How China's Tech Giants Are Luring Big Hires from Western Companies
Lately, China's tech and internet behemoths have been attracting big-league talents from Western companies, another sign of their growing global ambition and clout.
A former Google pioneer on artificial intelligence joined Chinese search engine Baidu, as did a top Microsoft China executive. A PepsiCo exec left for e-commerce giant Alibaba.
The latest to make the switch comes from the ad world and is one of the most respected China-based media agency talents. Steven Chang has traded his job as president of Publicis Groupe's' ZenithOptimedia Greater China for a new post as corporate VP for online media advertising sales at Tencent, the Chinese internet giant said Thursday.
Hong Kong-born Mr. Chang will work on a range of Tencent products, including an internet portal, news offerings, a microblogging service and a video platform. (His portfolio does not include Tencent's hot social mobile app WeChat or messaging platform QQ.)
Greg Paull, Hong Kong-based principal of agency-management consultancy R3 Worldwide, said the hire shows how "Chinese digital companies want to embrace global best practices." He added that Mr. Chang is "one of a very small handful of top media practitioners" who will be a valued asset at Tencent.
In the U.S., technology giants like Google and Apple have been raiding leading marketers and ad agencies to acquire marketing and creative expertise. It's a little different in China, where the big Chinese internet companies are advertising savvy, but have a strong need for high-level, global talent.
But why would top talent from Western companies be attracted to the tech sector in China -- a country whose government carefully controls what internet users can access, blocking Google, Facebook, YouTube and Twitter?

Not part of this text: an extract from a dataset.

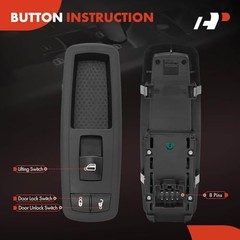 Front Right Passenger Side Power Window Switch Compatible with Dodge – 2011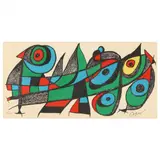 Escultor - Japan by Joan Miró, Lithograph in colors, sold Apr 2023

For starters, the reach of Chinese tech giants is huge. A chart making the rounds on Twitter is labeled "World Populations." It lists the biggest, starting with China, India, Facebook and then Tencent at No. 4. The Hong Kong-listed company's products have around one billion users. Its market capitalization isn't far from Amazon's, and it's much higher than that of eBay, Yahoo or Netflix. And though Chinese companies haven't traditionally paid as much as Western ones, they can afford to hire top caliber global talent.
Most importantly, although some Chinese internet and tech giants started out by copying Western models, they have evolved into innovators in their own right. And joining a fast-changing Chinese company can be an exciting, out-of-the-box career move.
Baidu, which has a research center in Silicon Valley, has made strides in visual search, and it's working with BMW on driverless car technologies. Alibaba, which just set a record with its $25 billion initial public offering in New York, created an online payment system where credit cards aren't necessary. It also launched the world's biggest online shopping day, when 21% of purchases were made on mobile devices last year.
As for Tencent, many Westerners who use WeChat say the user experience is smoother and offers more functionality than Facebook, and the company also offers a whopping 10 terabytes of free cloud storage, compared to just two gigabytes from, say, DropBox.
At Tencent, Mr. Chang will report to SY Lau, senior executive VP. A former CEO of BBDO China, Mr. Lau made the jump to Tencent way back in 2006 – well ahead of the current wave.
Here's a look at some other executives who have joined Chinese internet giants:
Hugo Barra, a high-profile Google Android executive, traded Silicon Valley for Beijing last year to become the global VP for Xiaomi, the Chinese startup that has become the world's fifth-largest maker of smartphones just four years after it was founded. (The company's global marketing director, Amanda Chen, joined from Yahoo in Taiwan.)
Artificial intelligence pioneer Andrew Ng, a Stanford professor and founder of the Google Brain project, joined Baidu several months ago to become its chief scientist. Soon afterward, Zhang Yaqin was named Baidu's president for new business, after leaving his job as a top executive for Microsoft China, which is battling an anti-monopoly investigation here.
Jim Wilkinson was hired by Alibaba in May to head up international corporate affairs. He joined from PepsiCo, where he was executive VP-Communications; before that, he also worked for Brunswick Group and was chief of staff for former Treasury Secretary Henry M. Paulson Jr.